*PROBLEM TO SOLVE*: Repeat the entire listing exactly. Omit all pictures.

*INFORMATION SUPPLIED*:
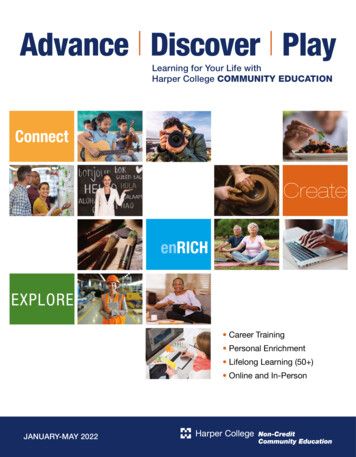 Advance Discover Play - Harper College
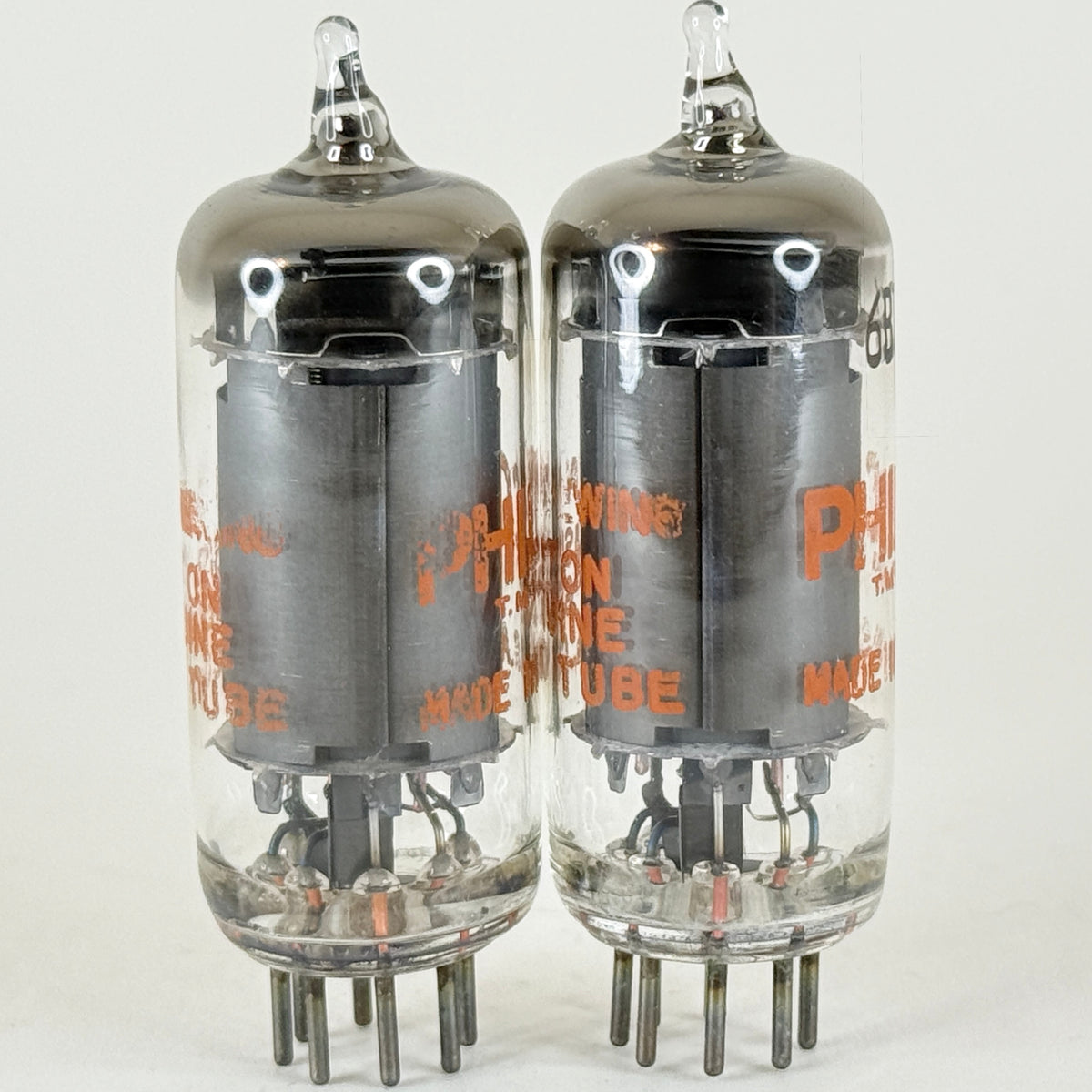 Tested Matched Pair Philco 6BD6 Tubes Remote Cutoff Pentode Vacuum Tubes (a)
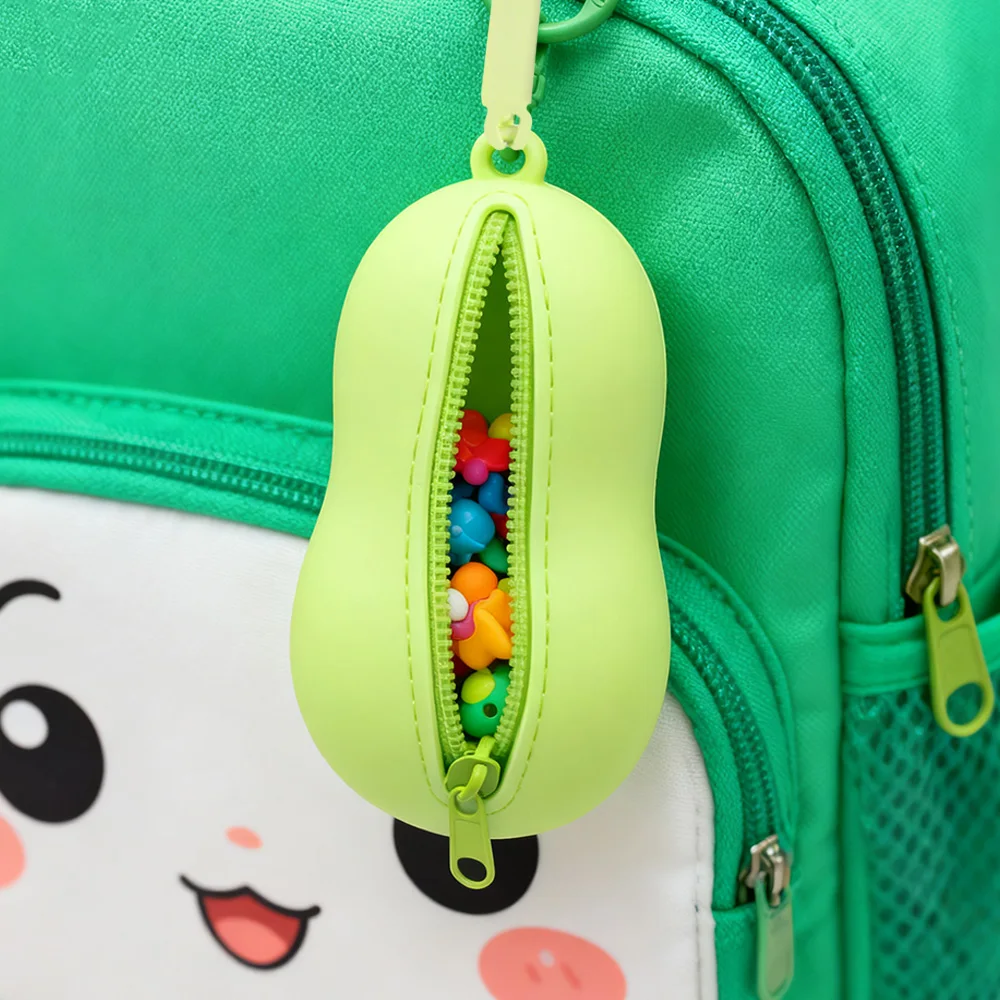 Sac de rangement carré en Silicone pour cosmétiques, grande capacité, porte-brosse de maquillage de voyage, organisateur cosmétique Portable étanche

*YOUR RESPONSE*:
 Advance Discover Play - Harper College
 Tested Matched Pair Philco 6BD6 Tubes Remote Cutoff Pentode Vacuum Tubes (a)
 Sac de rangement carré en Silicone pour cosmétiques, grande capacité, porte-brosse de maquillage de voyage, organisateur cosmétique Portable étanche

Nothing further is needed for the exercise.